Well, after a few different duty stations and a lot of burnt friendships, I was getting tired of it, and I would look forward to going on my deployments to Iraq and Afghanistan. On my last one, she decided to cheat on me with my “best friend” (gotta love it), and I was immediately told about it. I’m not sure if it was because I was well-liked or she was well-hated.
Anyway, this was my THANK GOD moment: I could be the first one in my family to get a divorce and not get judged too harshly for it and end 10 years of absolute misery.
So, fast forward to today, my ex-best friend (thanks for the solid, dude, lol) and my ex-wife ended up getting married. But if there is one thing you don’t do, it’s cheat on your deployed husband. This is very poorly looked upon by EVERYONE in the military, and you’ll be excommunicated by the community. The other thing is starting a marriage based on cheating.
So, from what I heard (not that I really give a shit), she is divorcing him for cheating on her, and she is no longer allowed to be on the post for shacking up with another married dude while his wife was deployed. The circle of shame continues!”
11. Good for you.
“I broke up with my ex-Karen after she went to buy a coffee machine for 700 bucks and then proceeded to be so horrible to the cashier (for some reason, she demanded 20% off) that he had to get his manager.
After about 40 minutes of pure Karen-ness, the manager used his card to give her the 20%. After she came home and told me, I drove back to the store to apologize.”
12. Win some, lose some....
“I know a guy who’s married to a Karen named Karen. Every part of their family’s life is perfectly scheduled, right from the homework to the dinners. I think the bathroom schedule has been out of whack recently.
I think it’s a win-win situation for him since his life is perfectly organized with minimal effort on his part, and when someone crosses a line and annoys him, his wife will destroy them with her passive-aggressive comments, and he still doesn’t have to raise a finger!”
13. "Karen was not happy."
“Not married to one, but my aunt is. My uncle is this soft-spoken giant. He never stands up to her in any way. Except once.
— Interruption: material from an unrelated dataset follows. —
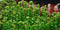 Tropica 1 2 Grow Rotala 'Bonsai'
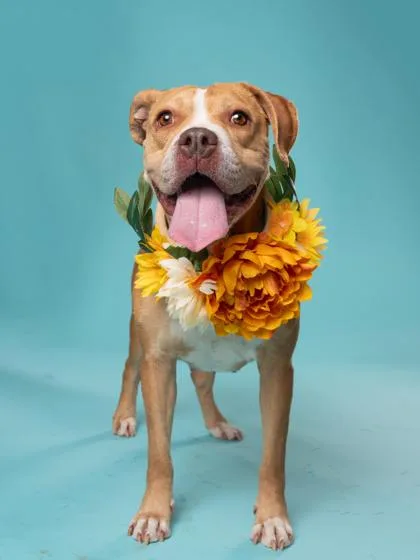 An adult medium-sized female Pit Bull Terrier dog named Marge for adoption in Atlanta, GA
At their daughter’s wedding, she was about to interrupt the ceremony to close a window because she was chilly. Everyone sitting close could hear her whisper, “I’m going to do it, but I don’t want to be an asshole.” My uncle, in a calm, quiet tone, quickly says, “Why stop now?”
Almost as if his filter just missed this one. I swear I could hear my dad snort two rows back trying to hold in laughter. Karen was not happy.”